Recensions
- Publication type: Journal article
- Journal: La Revue des lettres modernes
2022 – 9. Le paysage - Author: Auraix-Jonchière (Pascale)
- Pages: 225 to 228
- Journal: Journal of Modern Literature
- Series: Jules Barbey d'Aurevilly, n° 25
Maud Schmitt, Le Récit apologétique laïc. Barbey d’Aurevilly, Bloy, Bernanos, Paris, Classiques Garnier, 2019, 790 p.
L’objectif de ce vaste ouvrage, qui réunit trois figures d’écrivains catholiques entre xixe et xxe siècles, est de montrer la puissance heuristique et persuasive de la fiction à visée exemplaire, fiction qui se fonde sur des formes pérennes comme celles de la rhétorique antique, du mythe, du récit biblique ou encore de l’exemplum médiéval et qui exploite à nouveaux frais les ressorts des histoires tragiques de l’âge classique.
Après une introduction sur la place de l’écrivain catholique dans un monde où le « retour au religieux » s’effectue « aux marges des dogmes et des appartenances confessionnelles » (p. 19) et rend nécessaire un renouvellement du discours apologétique, Maud Schmitt présente les prolégomènes de la réflexion dans un exposé théorique substantiel – « généalogie du récit exemplaire » – qui inscrit les œuvres dans une perspective diachronique, offrant ainsi à l’ensemble de l’ouvrage de solides fondements historiques et théoriques.
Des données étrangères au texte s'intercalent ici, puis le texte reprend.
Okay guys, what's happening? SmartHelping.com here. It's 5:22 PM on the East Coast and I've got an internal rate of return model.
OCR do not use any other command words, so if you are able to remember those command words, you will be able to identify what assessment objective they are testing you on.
Ces pages soulèvent des questions de logique et d’acceptabilité qui resurgiront au fil de l’ouvrage (quel statut accorder à la scénarisation et à la promotion « des héros en mal » à partir des Histoires tragiques, par exemple). Enfin, ce propos liminaire met en lumière une typologie du récit exemplaire qui sert ensuite de fondement au déploiement de la pensée.
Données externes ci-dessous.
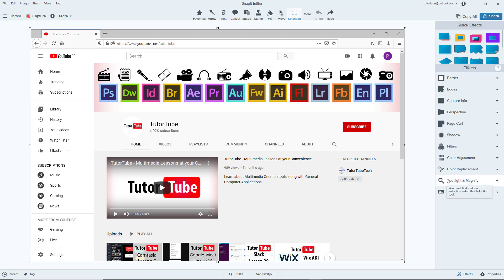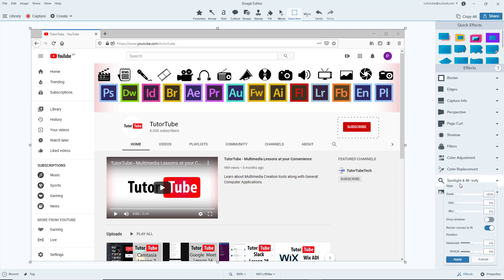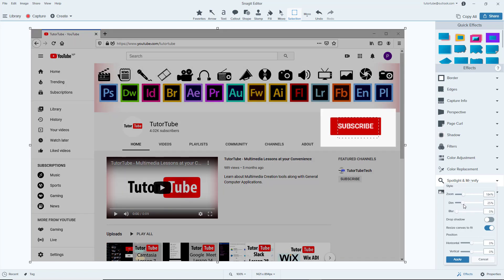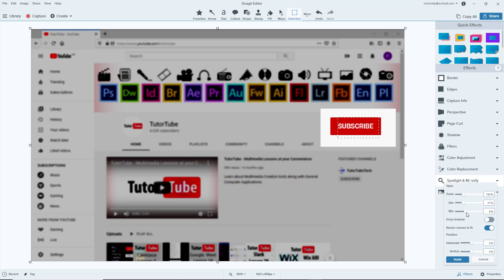I can go around and select out a portion — for example, I'm going to select out this abstract portion right here. Once I do that, I get the options for the zoom, so I can increase this out. I can also dim it out, so everything else is dimmed out while this part is zoomed in. I can also blur out the other parts as well.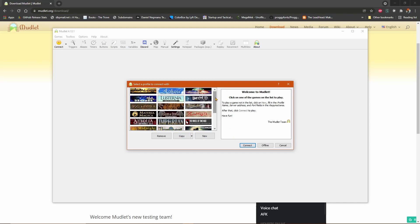In today's video, we went over how to download and install Mudlet on Windows. In future videos, we will explore the basics of scripting and interacting with your game via Lua, as well as the many other features Mudlet has.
L’analyse à proprement parler se déroule, quant à elle, en trois temps : « Faire croire. La forme théorique du récit exemplaire » (p. 123-311), « Faire voir. La forme heuristique du récit exemplaire » (p. 313-555), « Convertir. La forme morale du récit exemplaire » (p. 557-731). Ces trois étapes dynamiques permettent de montrer que la fiction fait preuve d’une éloquence et d’une efficace qui lui sont propres dans un domaine parfaitement circonscrit, celui de l’apologétique, qui a pour visée la conversion et qui engage tout un ensemble de questions idéologiques, religieuses et métaphysiques.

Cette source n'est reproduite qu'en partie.